TASK ITEM:
Where in the records does the word "Cotton" occur? Copy each line in which it does.

++++ STORED DATA ++++

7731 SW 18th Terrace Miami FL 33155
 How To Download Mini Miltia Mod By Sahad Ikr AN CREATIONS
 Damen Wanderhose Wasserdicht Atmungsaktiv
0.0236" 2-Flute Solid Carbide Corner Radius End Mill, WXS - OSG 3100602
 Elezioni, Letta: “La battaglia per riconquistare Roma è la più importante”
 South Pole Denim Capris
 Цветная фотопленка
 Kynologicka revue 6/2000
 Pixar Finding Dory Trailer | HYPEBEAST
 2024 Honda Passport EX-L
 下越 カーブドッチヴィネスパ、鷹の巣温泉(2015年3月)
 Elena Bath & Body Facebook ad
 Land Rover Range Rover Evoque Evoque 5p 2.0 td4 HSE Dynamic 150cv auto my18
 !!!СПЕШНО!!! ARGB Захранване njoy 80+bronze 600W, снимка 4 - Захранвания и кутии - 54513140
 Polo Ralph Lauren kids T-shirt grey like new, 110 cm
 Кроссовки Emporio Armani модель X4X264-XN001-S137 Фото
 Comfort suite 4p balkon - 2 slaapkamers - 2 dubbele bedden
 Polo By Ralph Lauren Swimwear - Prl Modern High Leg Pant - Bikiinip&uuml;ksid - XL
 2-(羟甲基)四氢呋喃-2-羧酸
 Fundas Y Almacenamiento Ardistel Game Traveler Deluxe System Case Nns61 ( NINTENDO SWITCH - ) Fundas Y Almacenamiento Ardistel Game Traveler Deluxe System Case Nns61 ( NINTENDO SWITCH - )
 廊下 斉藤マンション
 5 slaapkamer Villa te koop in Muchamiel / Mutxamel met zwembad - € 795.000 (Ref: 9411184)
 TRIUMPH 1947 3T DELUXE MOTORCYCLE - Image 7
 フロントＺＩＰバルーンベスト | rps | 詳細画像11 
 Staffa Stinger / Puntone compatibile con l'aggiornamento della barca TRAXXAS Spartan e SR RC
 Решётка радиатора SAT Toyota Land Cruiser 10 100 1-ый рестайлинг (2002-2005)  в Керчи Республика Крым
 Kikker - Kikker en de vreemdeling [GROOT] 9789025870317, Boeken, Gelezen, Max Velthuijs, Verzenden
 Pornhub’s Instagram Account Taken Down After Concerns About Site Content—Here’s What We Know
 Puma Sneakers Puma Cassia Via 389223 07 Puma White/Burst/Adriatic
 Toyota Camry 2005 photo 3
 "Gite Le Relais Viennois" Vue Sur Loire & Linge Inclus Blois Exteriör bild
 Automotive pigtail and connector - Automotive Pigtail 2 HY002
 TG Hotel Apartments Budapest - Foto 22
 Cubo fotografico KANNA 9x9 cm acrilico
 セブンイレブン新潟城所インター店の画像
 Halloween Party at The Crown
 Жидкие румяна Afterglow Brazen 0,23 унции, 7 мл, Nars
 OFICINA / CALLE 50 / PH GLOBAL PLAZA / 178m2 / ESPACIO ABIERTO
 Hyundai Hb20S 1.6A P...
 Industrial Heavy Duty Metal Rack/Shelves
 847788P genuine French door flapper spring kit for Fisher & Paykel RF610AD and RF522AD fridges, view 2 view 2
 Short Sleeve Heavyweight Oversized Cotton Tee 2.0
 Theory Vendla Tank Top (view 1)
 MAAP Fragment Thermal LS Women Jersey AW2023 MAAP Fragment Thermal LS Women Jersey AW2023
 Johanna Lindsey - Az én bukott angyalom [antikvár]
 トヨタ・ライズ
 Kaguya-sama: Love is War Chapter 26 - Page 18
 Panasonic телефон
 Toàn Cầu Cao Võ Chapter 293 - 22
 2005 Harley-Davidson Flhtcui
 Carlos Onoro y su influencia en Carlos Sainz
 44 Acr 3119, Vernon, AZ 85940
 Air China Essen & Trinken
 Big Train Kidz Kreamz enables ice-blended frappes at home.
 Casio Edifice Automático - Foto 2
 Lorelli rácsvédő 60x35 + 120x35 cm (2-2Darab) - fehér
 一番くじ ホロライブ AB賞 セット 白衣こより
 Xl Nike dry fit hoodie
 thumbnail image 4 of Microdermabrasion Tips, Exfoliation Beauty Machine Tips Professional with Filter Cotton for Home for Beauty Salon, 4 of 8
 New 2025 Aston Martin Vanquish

++++

RESPONSE TO THIS EXERCISE:
 Short Sleeve Heavyweight Oversized Cotton Tee 2.0
 thumbnail image 4 of Microdermabrasion Tips, Exfoliation Beauty Machine Tips Professional with Filter Cotton for Home for Beauty Salon, 4 of 8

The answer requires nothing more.